"Workforce" is a prominent topic for state governors; every state is concerned about employability of young people after school … and even during school. And, every year, at Esri's User Conference, some GIS-using professional at a business, non-profit group, or government agency will mention to me the challenge they face "finding people with the right skills … even the beginning skills needed …" to work for them. Digging deeper, with governors and with GIS professionals, two skill sets appear: (a) job-specific fundamentals, and (b) "soft skills" of being a reliable worker, collaborating, working independently, communicating, making decisions and solving problems, being adaptable, thinking creatively, and seeking help when needed. I smile because all of these can be developed with "long-term" experience with GIS.
How do you document these things? A lot of schools run "Career and Technical Education" (CTE) courses that help students learn fundamentals in a line of work … cosmetology, public safety, diesel engines, biomedicine, network administration, GIS. Many of these courses involve independent tests on established principles, latest patterns, and current technology.
Esri offers certification about Esri software. But even the most basic -- "ArcGIS Desktop Entry Level" -- is no slouch of an exam. It is designed for GIS users with up to two years of applied experience.
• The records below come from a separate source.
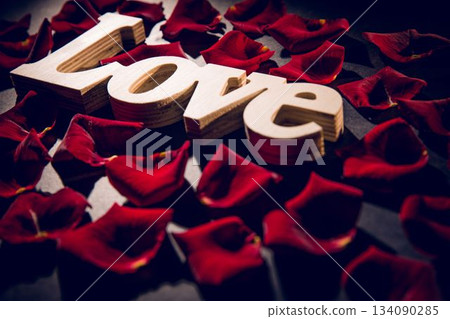 Wooden letters spelling love are resting in 3D render on dark matte surface with red petals 134090285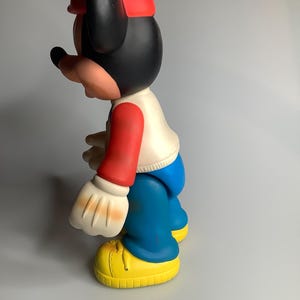 May include: A vintage Mickey Mouse figurine in profile. The figure is wearing a red cap, black ears, and a white shirt with red sleeves. Blue trousers and yellow shoes complete the outfit. The figurine is a classic cartoon character.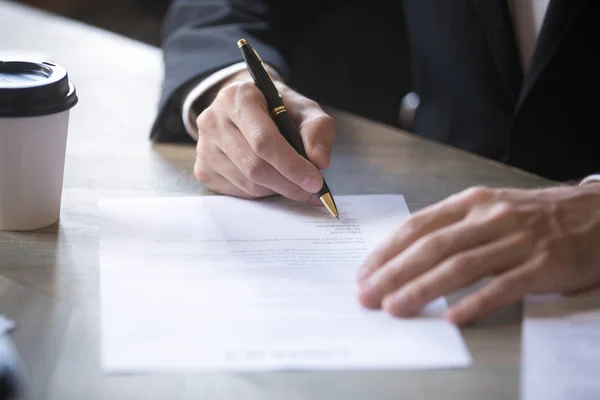 Close up man hands on the table, the man signing the contract — Stock Photo, Image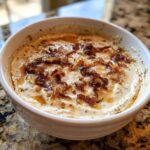 Close-up of a creamy onion dip topped generously with caramelized onions and drizzled with oil.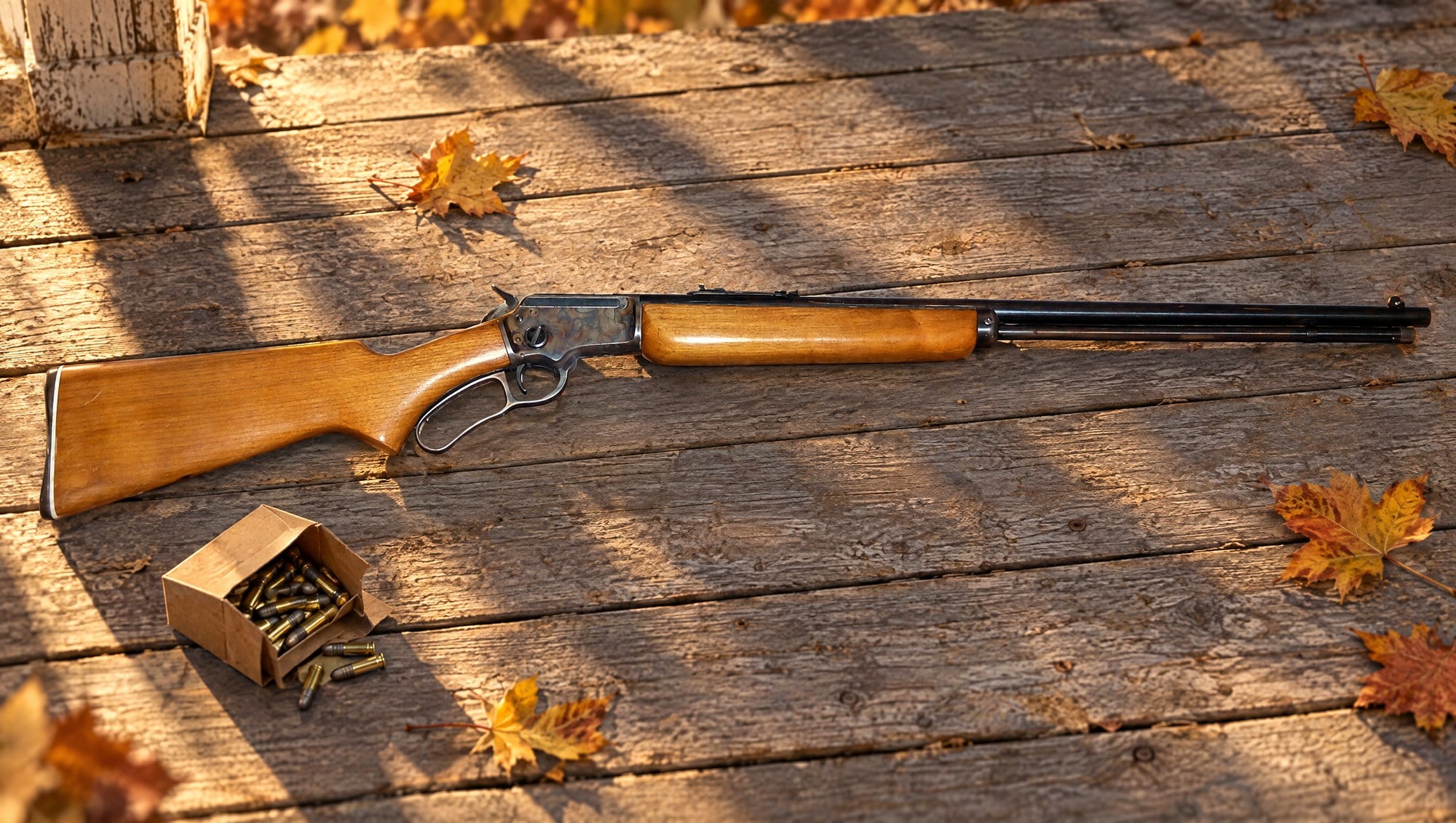 Early Marlin 39A lever-action .22 rifle with walnut pistol-grip stock lying on weathered porch boards in autumn light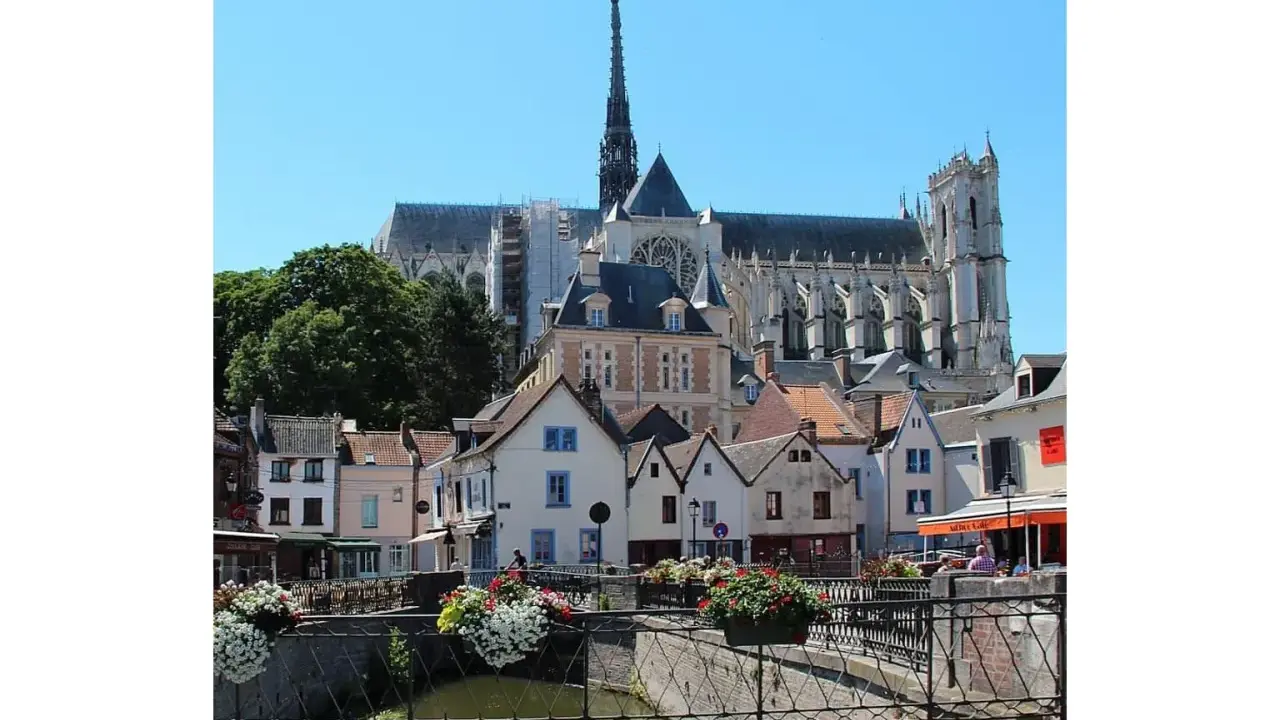 Blick auf malerische Häuser und die Kathedrale in Amiens, Frankreich. Blumenkästen schmücken eine Brücke über einen Kanal.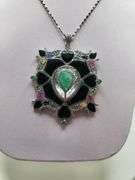 Very rare and collectable 26.14 ctw onyx, sapphire, ruby, emerald pendent
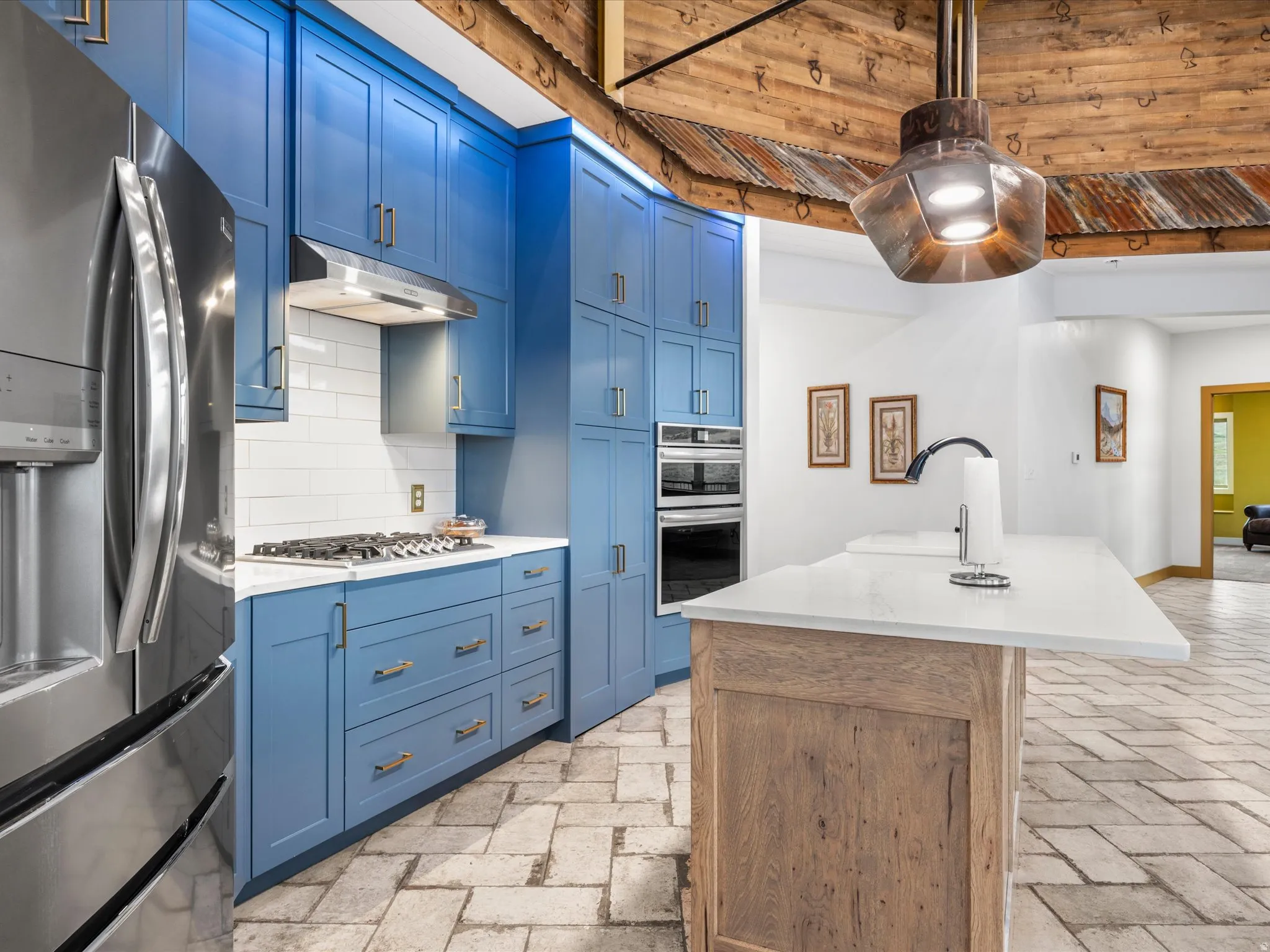 Kitchen featuring blue cabinetry, stainless steel appliances, white subway tile backsplash, and light-toned stone tile flooring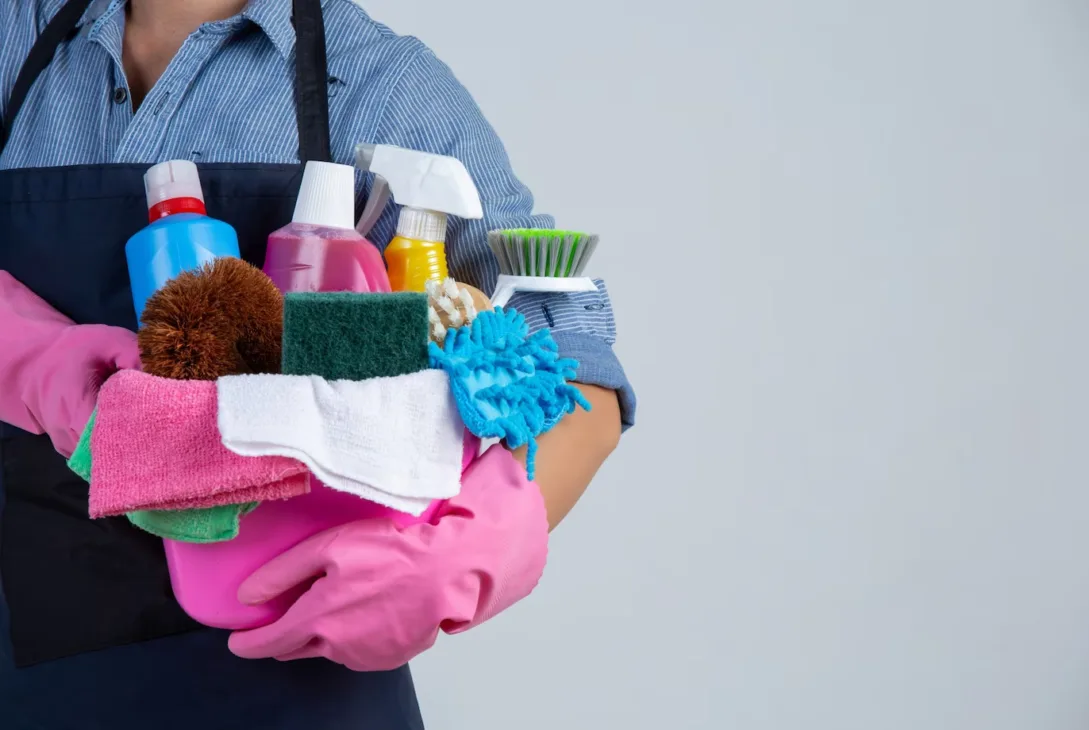 Indonesia maid holding a bunch of essential cleaning tools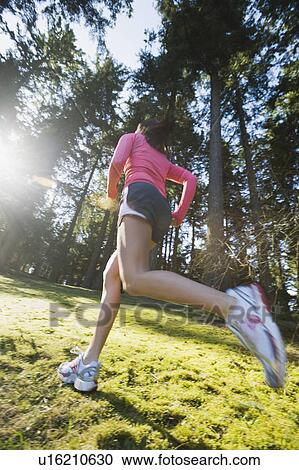 A runner in the woods View Large Photo Image Stock Image - A runner in the woods. Fotosearch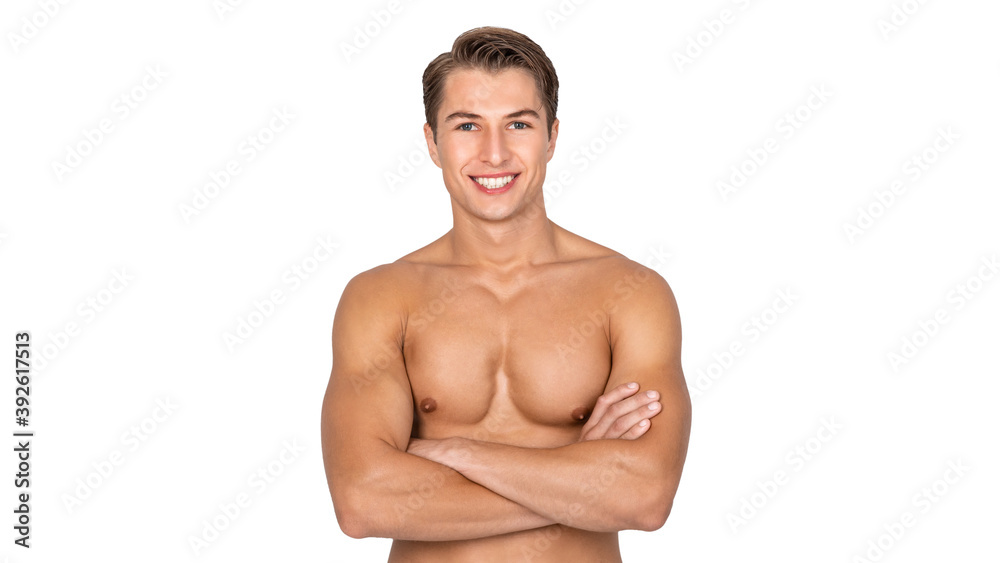 Portrait of guy posing with naked torso at white studio Portrait of guy posing with naked torso at white studio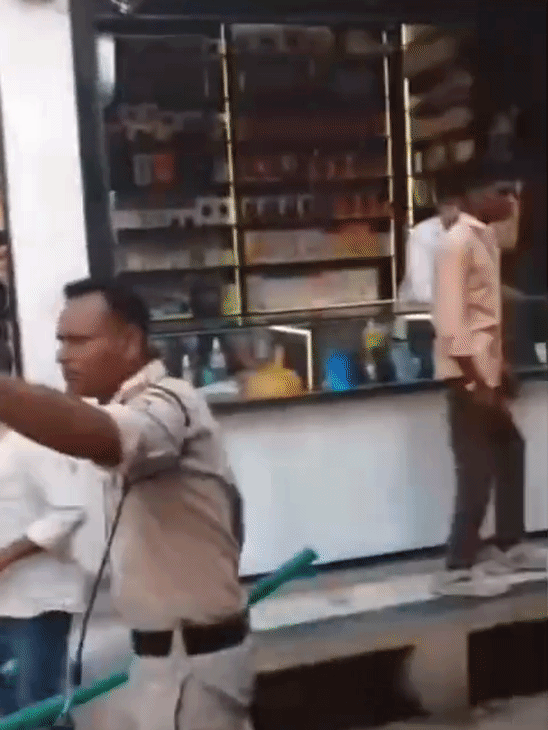 Police personnel forcibly dispersed the crowd and caught the young man.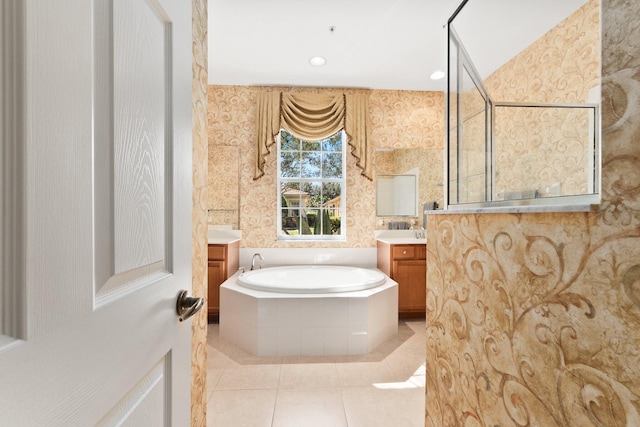 bathroom with vanity, tiled tub, and tile patterned floors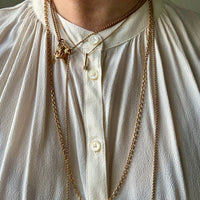 Person wearing a gold chain necklace on a light-colored shirt.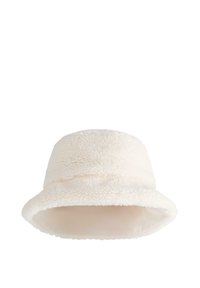 Krem-bijela lažna krzna kapa u obliku kante s mekanom, teksturiranom površinom i širokim, lepršavim obodom. Dizajnirana za toplinu i udobnost.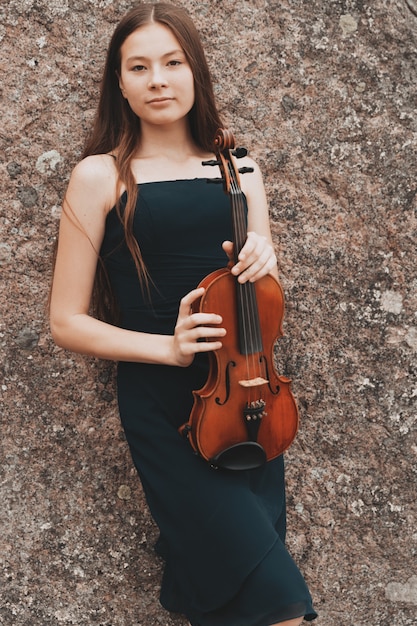 Beautiful brunette girl with violin at the rock. High quality photo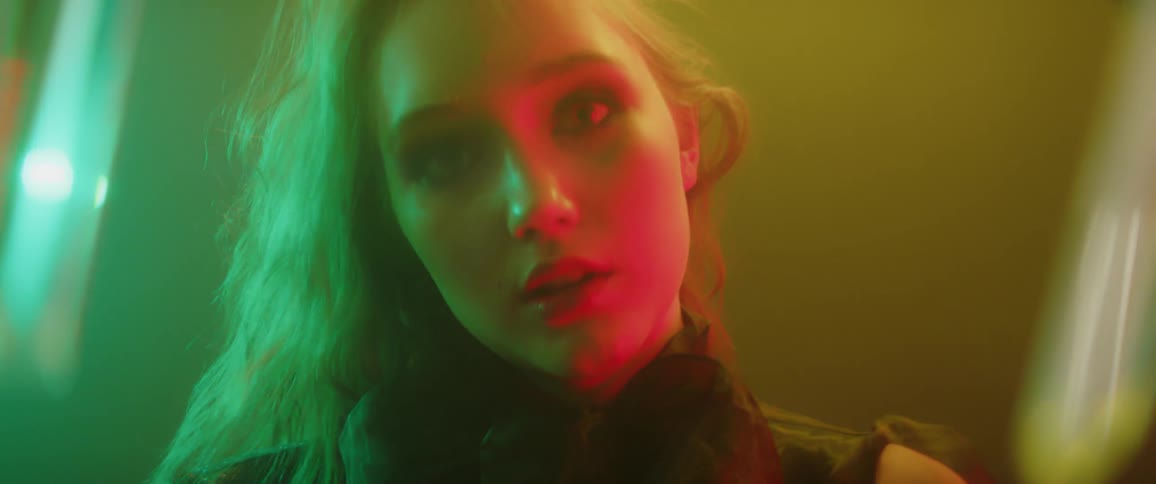 Woman standing under different colored lights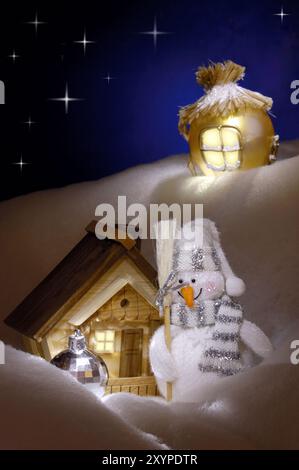 Helles konzeptionelles Weihnachtsstillleben mit einem Schneemann, der neben einem Holzhaus unter einem schneebedeckten Hügel steht. Künstlerische Weihnachtskarte, Rea Stockfoto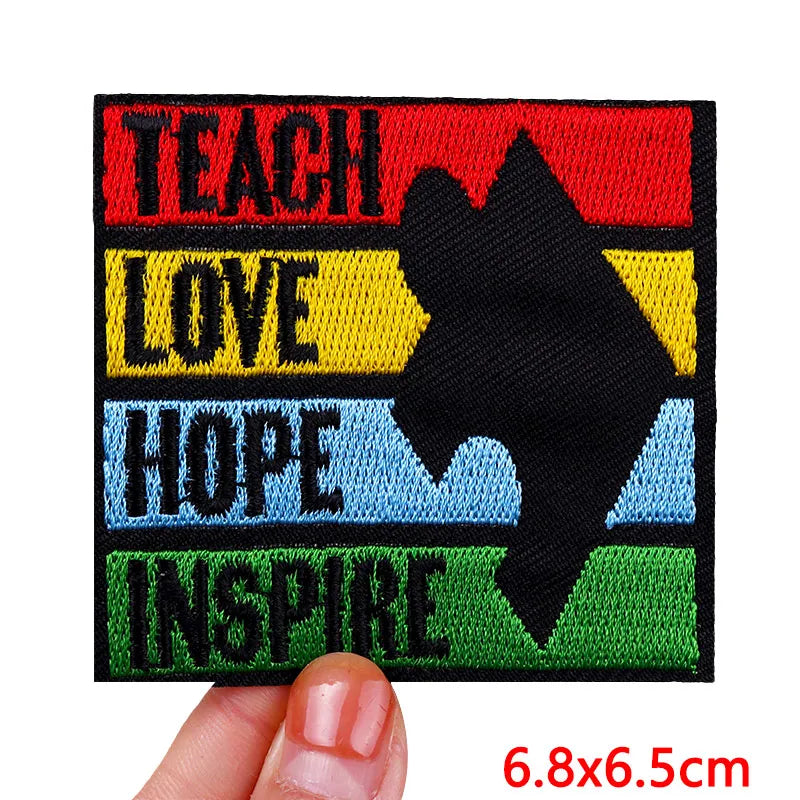 Embroidered patch with motivational text and a star silhouette held by a hand.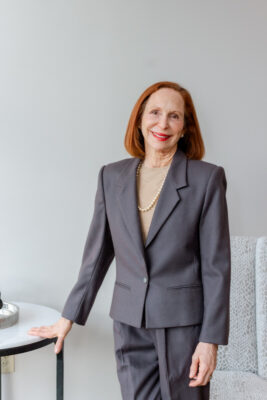 Headshot of dermatologist Dr. Joe Lynne Herzog, who is experienced in Botox, facial fillers, and skincare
I can vouch for the breadth of its coverage; I took the Desktop Entry 10.5 exam a couple of weeks ago. The published info shows that it includes content about ArcMap, ArcGIS Pro, ArcGIS Online, and even ArcGIS Enterprise. The Certification Team has presented enough for someone to do a critical self-check about their readiness. Given the $225 cost of each exam, scouring these materials is time well-spent.
Should secondary students take this exam? It is absolutely not designed for them. There are significant legal and logistical challenges to overcome before one can take the exam. Minors must complete additional paperwork weeks ahead. Still, some educators have steered their students toward it. There is a frightfully low likelihood that a high school student even with two years of hour-per-day classes will pass. (Again, the course was designed for the entry-level professional with up to two years … 4000 hours … of applied experience.)
Should educators take the exam? This makes much more sense, especially in a CTE class. Just as high school teachers get "content certified," it makes sense to earn a software certification if one is teaching what would represent entry-level GIS jobs. It may help the educator (re-)discover the lightning pace of software evolution, the breadth of the ArcGIS platform, and the difference between "just a map" and "a tool for analysis, communication, and problem solving."
So, does GIS even belong in schools, and especially CTE? Absolutely. The combination of "job-specific fundamentals" and "soft skills" can be built starting even in elementary school. Developing capacity to understand maps, create and analyze data, communicate powerfully, collaborate, solve problems, and so on, cannot develop sufficiently high in a single year of hour-per-day class. GIS has a home in every situation involving data and locations, whether learning U.S. history, analyzing local community situations, or modeling global threats. Educators need always to design appropriate and realistic measures of student capacity and achievement, clarifying student responsibilities, and building in their students scholarship, artisanship, and citizenship. (Thank you, Michael Hartoonian.) Documenting this with a digital portfolio, perhaps via a Story Map Journal, might be a useful model.